Loop time of 36.3787 on 8 procs for 100 steps with 10000000 particles 
Particle moves    = 1000000000 (1B)
Cells touched     = 1395597726 (1.4B)
Particle comms    = 3990284 (3.99M)
Boundary collides = 4003287 (4M)
Boundary exits    = 0 (0K)
SurfColl checks   = 0 (0K)
SurfColl occurs   = 0 (0K)
Collide attempts  = 93689476 (93.7M)
Collide occurs    = 70166679 (70.2M)
Reactions         = 847837 (848K)
Particles stuck   = 0 
Particle-moves/CPUsec/proc: 3.43607e+06
Particle-moves/step: 1e+07
Cell-touches/particle/step: 1.3956
Particle comm iterations/step: 1
Particle fraction communicated: 0.00399028
Particle fraction colliding with boundary: 0.00400329
Particle fraction exiting boundary: 0
Surface-checks/particle/step: 0
Surface-collisions/particle/step: 0
Collision-attempts/particle/step: 0.0936895
Collisions/particle/step: 0.0701667
Reactions/particle/step: 0.0008478 
Move  time (%) = 16.6921 (45.8842)
Coll  time (%) = 11.9058 (32.7275)
Sort  time (%) = 7.24376 (19.9121)
Comm  time (%) = 0.17353 (0.47701)
Outpt time (%) = 0.363323 (0.998723)
Other time (%) = 0.000194222 (0.000533888) 
Particles: 1.25e+06 ave 1.25283e+06 max 1.24835e+06 min
Histogram: 3 1 0 0 1 1 1 0 0 1
Cells:     125000 ave 125000 max 125000 min
Histogram: 8 0 0 0 0 0 0 0 0 0
GhostCell: 15608 ave 15608 max 15608 min
Histogram: 8 0 0 0 0 0 0 0 0 0
EmptyCell: 7957 ave 7957 max 7957 min
Histogram: 8 0 0 0 0 0 0 0 0 0 

The first line gives the total CPU run time for the simulation, in seconds.
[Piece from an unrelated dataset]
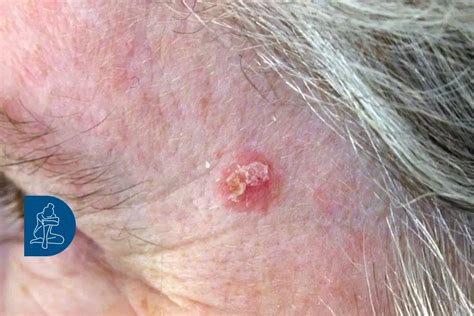 Actinic Or Solar Keratosis Better To Remove Them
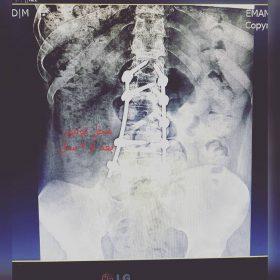 Primary malignant tumors of the spine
The next section gives some statistics about the run. These are total counts of particle moves, grid cells touched by particles, the number of particles communicated between processors, collisions of particles with the global boundary and with surface elements (none in this problem), as well as collision and reaction statistics.

The next section gives additional statistics, normalized by timestep or processor count.

The next to last section gives a breakdown of the CPU timing (in seconds) in 6 categories. The first four are timings for particles moves, which includes interaction with surface elements, then particle collisions, then sorting of particles (required to perform collisions), and communication of particles between processors. The percentage of CPU time for each category is shown in parenthesis.

The last section is a histogramming across processors of various per-processor statistics: particle count, owned grid cells, processor, ghost grid cells which are copies of cells owned by other processors, and empty cells which are ghost cells without surface information (only used to pass particles to neighboring processors).

The ave value is the average across all processors. The max and min values are for any processor. The 10-bin histogram shows the distribution of the value across processors. The total number of histogram counts is equal to the number of processors.